WHAT IS NEEDED.
Starting at the line that holds "front of fast" and stopping at the line that holds "Takara Battery for", restate the records below word for word, with both of those lines included.

----- INFORMATION SUPPLIED

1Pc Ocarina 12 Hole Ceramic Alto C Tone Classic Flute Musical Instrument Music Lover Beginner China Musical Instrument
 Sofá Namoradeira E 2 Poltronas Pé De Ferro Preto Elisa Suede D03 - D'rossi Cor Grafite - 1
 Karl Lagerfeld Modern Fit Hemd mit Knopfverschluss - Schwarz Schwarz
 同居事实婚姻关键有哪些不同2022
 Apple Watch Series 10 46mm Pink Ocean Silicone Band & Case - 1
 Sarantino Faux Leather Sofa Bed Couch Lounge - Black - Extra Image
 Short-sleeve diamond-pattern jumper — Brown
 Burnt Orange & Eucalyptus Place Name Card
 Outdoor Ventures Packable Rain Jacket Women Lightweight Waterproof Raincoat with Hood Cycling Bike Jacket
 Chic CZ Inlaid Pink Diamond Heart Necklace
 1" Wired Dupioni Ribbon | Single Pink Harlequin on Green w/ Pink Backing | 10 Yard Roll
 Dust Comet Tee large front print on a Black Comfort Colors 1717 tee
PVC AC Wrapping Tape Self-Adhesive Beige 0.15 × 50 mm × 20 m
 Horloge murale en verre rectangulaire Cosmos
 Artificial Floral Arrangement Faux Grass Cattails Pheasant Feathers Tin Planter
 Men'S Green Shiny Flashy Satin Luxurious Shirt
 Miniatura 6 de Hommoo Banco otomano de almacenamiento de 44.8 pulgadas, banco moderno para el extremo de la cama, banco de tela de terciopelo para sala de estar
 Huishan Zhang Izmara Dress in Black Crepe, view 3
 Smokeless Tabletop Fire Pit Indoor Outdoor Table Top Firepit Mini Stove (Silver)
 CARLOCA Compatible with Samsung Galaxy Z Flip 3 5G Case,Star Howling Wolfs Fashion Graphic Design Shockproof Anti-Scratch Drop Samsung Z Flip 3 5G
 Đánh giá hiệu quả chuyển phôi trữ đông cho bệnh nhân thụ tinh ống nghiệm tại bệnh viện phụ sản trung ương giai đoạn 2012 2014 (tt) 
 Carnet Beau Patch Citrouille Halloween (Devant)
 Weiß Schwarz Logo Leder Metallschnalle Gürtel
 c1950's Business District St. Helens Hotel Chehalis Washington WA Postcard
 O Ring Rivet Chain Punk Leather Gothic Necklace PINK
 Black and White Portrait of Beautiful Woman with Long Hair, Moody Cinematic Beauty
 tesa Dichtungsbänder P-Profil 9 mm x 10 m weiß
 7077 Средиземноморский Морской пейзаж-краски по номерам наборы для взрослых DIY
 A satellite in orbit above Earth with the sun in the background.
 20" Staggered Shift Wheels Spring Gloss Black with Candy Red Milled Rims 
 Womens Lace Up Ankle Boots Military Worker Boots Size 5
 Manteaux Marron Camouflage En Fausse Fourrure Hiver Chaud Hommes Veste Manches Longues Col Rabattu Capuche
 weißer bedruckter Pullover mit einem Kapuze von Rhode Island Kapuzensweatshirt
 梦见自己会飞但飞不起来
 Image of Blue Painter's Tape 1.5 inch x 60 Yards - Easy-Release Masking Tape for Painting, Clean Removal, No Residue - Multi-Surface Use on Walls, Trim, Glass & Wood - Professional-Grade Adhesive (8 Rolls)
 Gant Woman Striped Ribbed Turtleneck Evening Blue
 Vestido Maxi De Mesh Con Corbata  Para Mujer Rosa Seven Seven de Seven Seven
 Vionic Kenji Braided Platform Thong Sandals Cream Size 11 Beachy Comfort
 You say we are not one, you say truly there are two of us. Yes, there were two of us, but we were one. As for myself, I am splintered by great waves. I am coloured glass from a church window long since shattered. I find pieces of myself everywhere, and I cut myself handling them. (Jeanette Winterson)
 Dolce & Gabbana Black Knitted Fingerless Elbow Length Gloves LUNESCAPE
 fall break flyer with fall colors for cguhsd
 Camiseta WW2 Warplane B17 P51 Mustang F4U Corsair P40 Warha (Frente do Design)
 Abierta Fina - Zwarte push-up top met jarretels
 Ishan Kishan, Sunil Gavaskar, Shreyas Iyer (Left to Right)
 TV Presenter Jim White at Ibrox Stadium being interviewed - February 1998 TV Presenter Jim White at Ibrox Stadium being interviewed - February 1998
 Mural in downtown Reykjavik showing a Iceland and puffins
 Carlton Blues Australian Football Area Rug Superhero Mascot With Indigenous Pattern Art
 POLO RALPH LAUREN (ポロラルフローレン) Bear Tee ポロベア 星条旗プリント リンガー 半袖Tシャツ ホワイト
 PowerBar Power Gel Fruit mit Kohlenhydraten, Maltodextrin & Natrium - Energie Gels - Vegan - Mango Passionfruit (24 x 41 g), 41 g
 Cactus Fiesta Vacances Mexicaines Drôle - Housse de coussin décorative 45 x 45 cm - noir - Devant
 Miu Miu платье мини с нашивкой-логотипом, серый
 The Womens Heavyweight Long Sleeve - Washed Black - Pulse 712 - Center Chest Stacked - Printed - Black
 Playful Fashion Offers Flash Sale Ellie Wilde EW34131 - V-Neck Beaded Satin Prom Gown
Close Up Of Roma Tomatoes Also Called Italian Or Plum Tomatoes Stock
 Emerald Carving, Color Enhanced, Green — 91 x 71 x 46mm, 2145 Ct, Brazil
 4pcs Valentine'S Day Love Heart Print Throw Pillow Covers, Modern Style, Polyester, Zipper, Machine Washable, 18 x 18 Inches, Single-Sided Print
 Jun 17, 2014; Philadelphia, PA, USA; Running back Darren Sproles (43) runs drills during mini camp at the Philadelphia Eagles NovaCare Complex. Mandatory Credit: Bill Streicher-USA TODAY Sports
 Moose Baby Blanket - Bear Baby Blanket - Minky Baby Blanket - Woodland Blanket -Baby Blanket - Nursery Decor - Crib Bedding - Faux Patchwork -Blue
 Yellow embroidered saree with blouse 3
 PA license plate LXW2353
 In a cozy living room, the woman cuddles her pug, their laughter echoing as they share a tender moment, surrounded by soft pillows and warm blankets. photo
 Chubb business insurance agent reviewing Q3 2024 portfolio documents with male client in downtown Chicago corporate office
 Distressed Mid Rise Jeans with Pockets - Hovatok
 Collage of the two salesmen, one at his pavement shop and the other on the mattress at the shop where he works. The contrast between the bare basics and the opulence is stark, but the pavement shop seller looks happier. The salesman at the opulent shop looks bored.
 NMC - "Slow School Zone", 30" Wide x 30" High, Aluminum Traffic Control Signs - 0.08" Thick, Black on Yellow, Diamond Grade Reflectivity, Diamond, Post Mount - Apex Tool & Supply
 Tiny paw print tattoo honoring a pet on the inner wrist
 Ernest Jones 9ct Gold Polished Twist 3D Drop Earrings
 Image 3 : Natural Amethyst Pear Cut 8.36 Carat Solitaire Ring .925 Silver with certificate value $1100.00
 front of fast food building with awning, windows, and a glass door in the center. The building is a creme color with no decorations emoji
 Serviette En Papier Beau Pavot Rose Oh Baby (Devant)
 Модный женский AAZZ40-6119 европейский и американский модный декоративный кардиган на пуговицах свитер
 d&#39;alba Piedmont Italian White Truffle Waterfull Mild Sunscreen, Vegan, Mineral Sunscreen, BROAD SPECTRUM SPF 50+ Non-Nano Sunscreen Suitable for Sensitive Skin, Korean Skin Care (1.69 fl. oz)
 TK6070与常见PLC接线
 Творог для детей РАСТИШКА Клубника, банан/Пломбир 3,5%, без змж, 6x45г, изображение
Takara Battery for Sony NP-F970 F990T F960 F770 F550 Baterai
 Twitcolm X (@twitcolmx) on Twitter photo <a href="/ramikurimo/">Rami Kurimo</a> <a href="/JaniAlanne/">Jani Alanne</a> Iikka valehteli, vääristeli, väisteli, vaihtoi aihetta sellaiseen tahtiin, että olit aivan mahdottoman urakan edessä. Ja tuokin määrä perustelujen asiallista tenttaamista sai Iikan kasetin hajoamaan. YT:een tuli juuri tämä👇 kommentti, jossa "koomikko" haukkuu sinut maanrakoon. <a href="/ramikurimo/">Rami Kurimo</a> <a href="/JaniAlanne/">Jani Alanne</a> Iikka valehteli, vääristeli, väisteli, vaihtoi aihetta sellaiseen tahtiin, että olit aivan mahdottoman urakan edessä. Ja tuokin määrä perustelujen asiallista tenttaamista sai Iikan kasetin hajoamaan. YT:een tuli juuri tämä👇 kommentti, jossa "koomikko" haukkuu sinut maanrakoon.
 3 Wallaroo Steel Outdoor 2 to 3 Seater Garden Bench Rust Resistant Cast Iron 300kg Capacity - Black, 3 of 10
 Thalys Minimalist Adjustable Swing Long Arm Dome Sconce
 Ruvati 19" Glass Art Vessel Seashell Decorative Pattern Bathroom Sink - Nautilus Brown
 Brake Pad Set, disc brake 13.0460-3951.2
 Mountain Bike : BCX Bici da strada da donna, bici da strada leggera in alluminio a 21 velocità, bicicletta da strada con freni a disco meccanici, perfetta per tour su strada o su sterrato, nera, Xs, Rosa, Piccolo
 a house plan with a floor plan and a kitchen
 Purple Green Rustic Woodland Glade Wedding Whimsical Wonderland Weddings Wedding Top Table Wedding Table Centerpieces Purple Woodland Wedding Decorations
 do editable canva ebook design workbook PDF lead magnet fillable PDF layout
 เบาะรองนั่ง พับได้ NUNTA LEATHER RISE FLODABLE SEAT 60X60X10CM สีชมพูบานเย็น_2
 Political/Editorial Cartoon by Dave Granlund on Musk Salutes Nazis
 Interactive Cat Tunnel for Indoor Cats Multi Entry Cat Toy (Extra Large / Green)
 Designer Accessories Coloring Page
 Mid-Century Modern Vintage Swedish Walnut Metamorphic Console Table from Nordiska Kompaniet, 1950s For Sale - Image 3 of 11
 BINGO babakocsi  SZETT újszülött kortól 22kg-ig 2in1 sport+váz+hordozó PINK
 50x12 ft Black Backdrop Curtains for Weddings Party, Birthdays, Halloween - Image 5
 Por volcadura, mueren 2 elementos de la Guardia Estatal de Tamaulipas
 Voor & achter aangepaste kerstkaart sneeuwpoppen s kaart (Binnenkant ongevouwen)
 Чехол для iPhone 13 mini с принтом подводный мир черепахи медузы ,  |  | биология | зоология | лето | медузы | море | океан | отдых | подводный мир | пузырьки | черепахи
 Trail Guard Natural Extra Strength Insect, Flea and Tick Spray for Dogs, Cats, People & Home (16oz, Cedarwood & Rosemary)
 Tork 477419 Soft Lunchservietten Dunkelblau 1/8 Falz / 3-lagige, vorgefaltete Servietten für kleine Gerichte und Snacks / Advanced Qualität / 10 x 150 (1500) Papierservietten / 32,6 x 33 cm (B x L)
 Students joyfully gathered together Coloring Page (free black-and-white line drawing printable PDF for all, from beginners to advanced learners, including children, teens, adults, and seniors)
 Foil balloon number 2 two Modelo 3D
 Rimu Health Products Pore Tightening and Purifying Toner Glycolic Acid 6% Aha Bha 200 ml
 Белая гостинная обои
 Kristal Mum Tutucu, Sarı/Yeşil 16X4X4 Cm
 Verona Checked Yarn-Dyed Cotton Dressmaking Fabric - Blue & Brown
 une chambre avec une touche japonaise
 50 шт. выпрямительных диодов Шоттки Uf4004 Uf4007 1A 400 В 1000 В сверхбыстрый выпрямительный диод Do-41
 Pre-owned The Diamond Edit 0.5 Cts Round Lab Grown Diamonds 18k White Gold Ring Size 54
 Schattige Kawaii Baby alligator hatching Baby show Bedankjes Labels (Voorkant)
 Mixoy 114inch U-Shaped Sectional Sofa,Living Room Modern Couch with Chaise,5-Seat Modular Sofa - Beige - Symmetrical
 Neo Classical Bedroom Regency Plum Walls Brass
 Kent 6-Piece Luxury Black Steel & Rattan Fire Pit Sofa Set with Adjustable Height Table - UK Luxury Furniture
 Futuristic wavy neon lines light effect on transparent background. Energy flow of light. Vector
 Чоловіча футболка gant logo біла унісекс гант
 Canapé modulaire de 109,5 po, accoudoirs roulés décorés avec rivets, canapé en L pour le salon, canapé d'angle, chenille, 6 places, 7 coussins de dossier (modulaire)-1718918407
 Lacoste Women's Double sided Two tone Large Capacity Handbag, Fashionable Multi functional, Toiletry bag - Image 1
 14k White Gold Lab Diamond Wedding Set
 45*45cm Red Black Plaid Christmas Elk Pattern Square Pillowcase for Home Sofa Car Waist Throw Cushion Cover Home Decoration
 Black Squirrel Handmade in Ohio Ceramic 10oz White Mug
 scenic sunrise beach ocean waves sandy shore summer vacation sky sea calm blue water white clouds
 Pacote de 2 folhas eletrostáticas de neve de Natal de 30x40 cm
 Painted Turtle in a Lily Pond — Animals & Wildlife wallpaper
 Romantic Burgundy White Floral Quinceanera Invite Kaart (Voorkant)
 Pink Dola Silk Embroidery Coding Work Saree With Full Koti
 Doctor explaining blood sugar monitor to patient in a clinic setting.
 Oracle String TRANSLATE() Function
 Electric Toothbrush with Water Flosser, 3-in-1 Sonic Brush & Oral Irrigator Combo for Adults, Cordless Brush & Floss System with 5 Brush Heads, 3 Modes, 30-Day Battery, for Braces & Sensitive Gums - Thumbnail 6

----------

RESPONSE TO THIS TASK.
 front of fast food building with awning, windows, and a glass door in the center. The building is a creme color with no decorations emoji
 Serviette En Papier Beau Pavot Rose Oh Baby (Devant)
 Модный женский AAZZ40-6119 европейский и американский модный декоративный кардиган на пуговицах свитер
 d&#39;alba Piedmont Italian White Truffle Waterfull Mild Sunscreen, Vegan, Mineral Sunscreen, BROAD SPECTRUM SPF 50+ Non-Nano Sunscreen Suitable for Sensitive Skin, Korean Skin Care (1.69 fl. oz)
 TK6070与常见PLC接线
 Творог для детей РАСТИШКА Клубника, банан/Пломбир 3,5%, без змж, 6x45г, изображение
Takara Battery for Sony NP-F970 F990T F960 F770 F550 Baterai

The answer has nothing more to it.